“Our Movement Starts Here” Documentary Showing
The Warrenist will be hosting a showing of Our Movement Starts Here, the award-winning documentary focused on the Warren County PCBs protest of 1982, which sparked what we now recognize at the environmental justice movement.
The program will be on Friday, January 24 at 6pm at 134 on Main, located at 134 S. Main Street in Warrenton, NC. The documentary filmmaker, John Rash will be present.
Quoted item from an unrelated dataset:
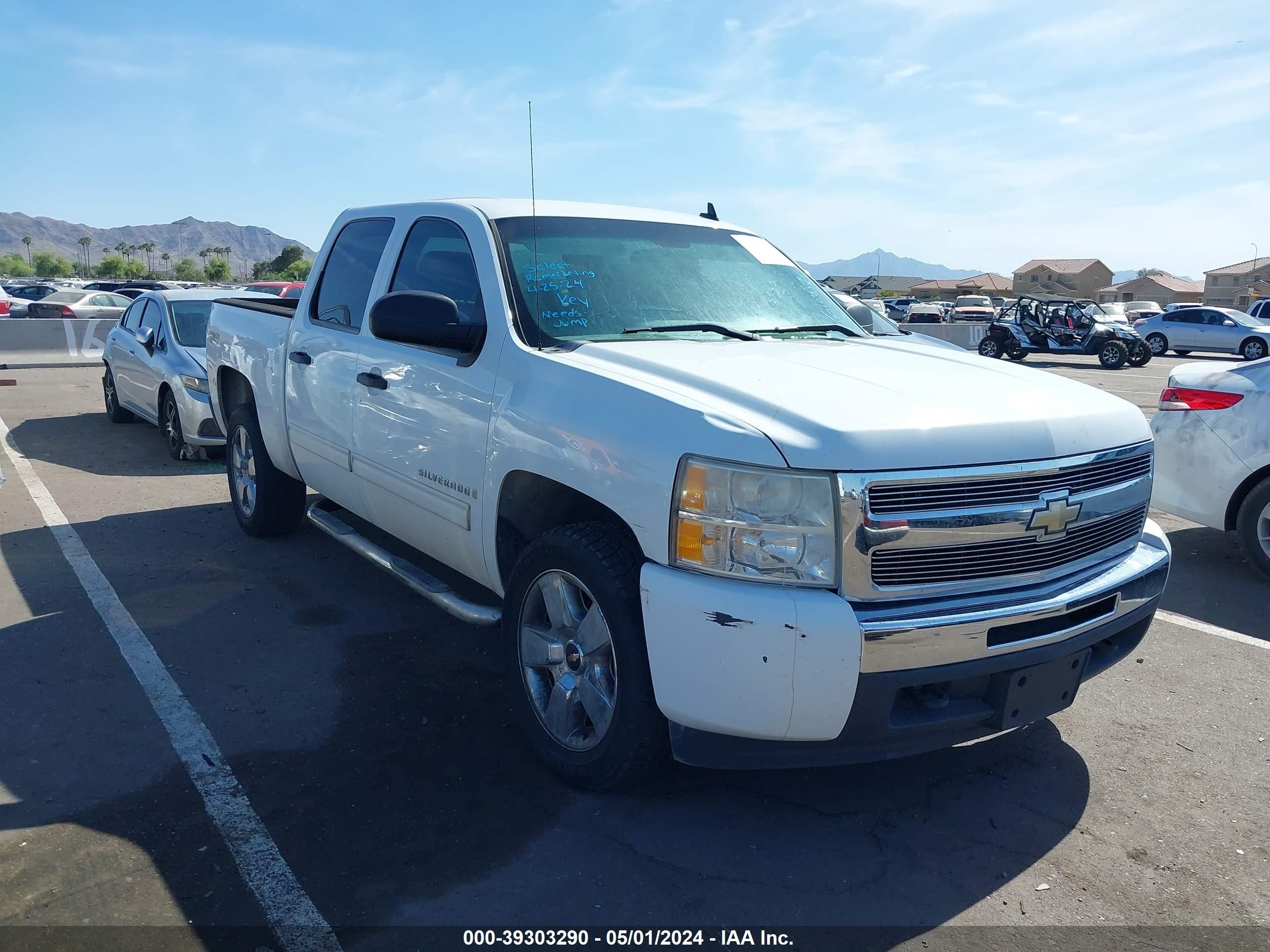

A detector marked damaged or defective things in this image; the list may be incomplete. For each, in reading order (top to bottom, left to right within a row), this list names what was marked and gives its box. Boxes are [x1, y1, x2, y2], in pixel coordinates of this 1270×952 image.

dented fender [635, 566, 863, 746]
Directed by: John Rash & Melanie Ho
Produced by: John Rash & Melanie Ho / Southern Documentary Project
LOGLINE:
The story of a rural community in the American South that inspired the environmental justice movement and articulated the concept of environmental racism in 1982 by fighting the state of North Carolina’s toxic landfill.
DESCRIPTION:
The story of a rural community in the American South that inspired the environmental justice movement and articulated the concept of environmental racism by fighting the state of North Carolina’s toxic landfill in 1982. 40 years later, the citizens of Warren County commemorate the anniversary and inspire the next generation of activists to grapple with the inequities of climate change and systems of institutional racism that continue to target communities with the least power to fight.
DIRECTOR BIO:
Co-Directors John Rash and Melanie Ho both work as professors and filmmakers at the Southern Documentary Project, an institute of the Center for the Study of Southern Culture at the University of Mississippi. Their work aims to preserve the stories of the American South, especially those from underserved and under-documented communities. John Rash was born in North Carolina and received his MFA in Experimental and Documentary Art from Duke University. Melanie Ho was born in Jacksonville, Florida and received her
MFA from UCSC’s Social Documentation program.